Can someone take a crack at my questions?


Regards,
Alan


Re: System slowdown

Posted by Thomas Mueller <th...@gmail.com>.
Yes.

Regards,
Thomas

Re: System slowdown

Posted by "Alan D. Cabrera" <li...@toolazydogs.com>.
On Oct 19, 2007, at 11:33 PM, Thomas Mueller wrote:

> Hi,
>
>>>> Are file based blob stores inherently non-transactional or does one
>>>> just need to be written?
>>> Just needs to be written.
>> I need one and am happy to try to write one.  Do you have any
>> pointers before I embark on this endeavor?
>
> Sorry, I don't have any pointers, but instead of improving blob store,
> I think you should have a look at the data store. Other than with the
> blob store, transactions are not a problem in the data store. The plan
> is to enable it for Jackrabbit 1.4.

So are you saying that if I start using that new fangled data store a  
non-transactional blob store will be moot?


Regards,
Alan


Re: System slowdown

Posted by Thomas Mueller <th...@gmail.com>.
Hi,

> >> Are file based blob stores inherently non-transactional or does one
> >> just need to be written?
> > Just needs to be written.
> I need one and am happy to try to write one.  Do you have any
> pointers before I embark on this endeavor?

Sorry, I don't have any pointers, but instead of improving blob store,
I think you should have a look at the data store.

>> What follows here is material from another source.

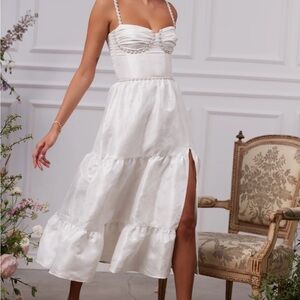 V Chapman Lorenza Ivory size 6 Dress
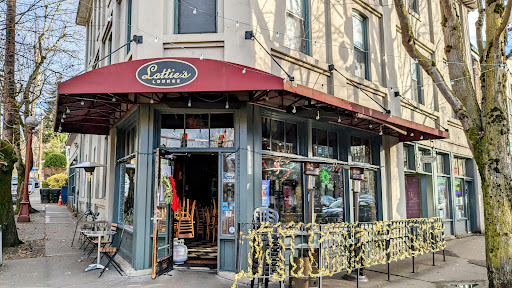 Lottie's Lounge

Other than with the
blob store, transactions are not a problem in the data store. The plan
is to enable it for Jackrabbit 1.4. See:

http://issues.apache.org/jira/browse/JCR-926

I think we have too much choice in Jackrabbit. There are so many
persistence managers, and different ways to store blobs...

Thomas

Re: System slowdown

Posted by "Alan D. Cabrera" <li...@toolazydogs.com>.
On Oct 2, 2007, at 4:41 PM, Jukka Zitting wrote:

>> Are file based blob stores inherently non-transactional or does one
>> just need to be written?
>
> Just needs to be written.

I need one and am happy to try to write one.  Do you have any  
pointers before I embark on this endeavor?


Regards,
Alan


Re: System slowdown

Posted by Jukka Zitting <ju...@gmail.com>.
Hi,

On 9/22/07, Alan D. Cabrera <li...@toolazydogs.com> wrote:
> Why would clustering be better than RMI?  It's not immediately clear
> to me why it's faster since it seems that we are just pushing network
> chatter down to the journal and persistence manager.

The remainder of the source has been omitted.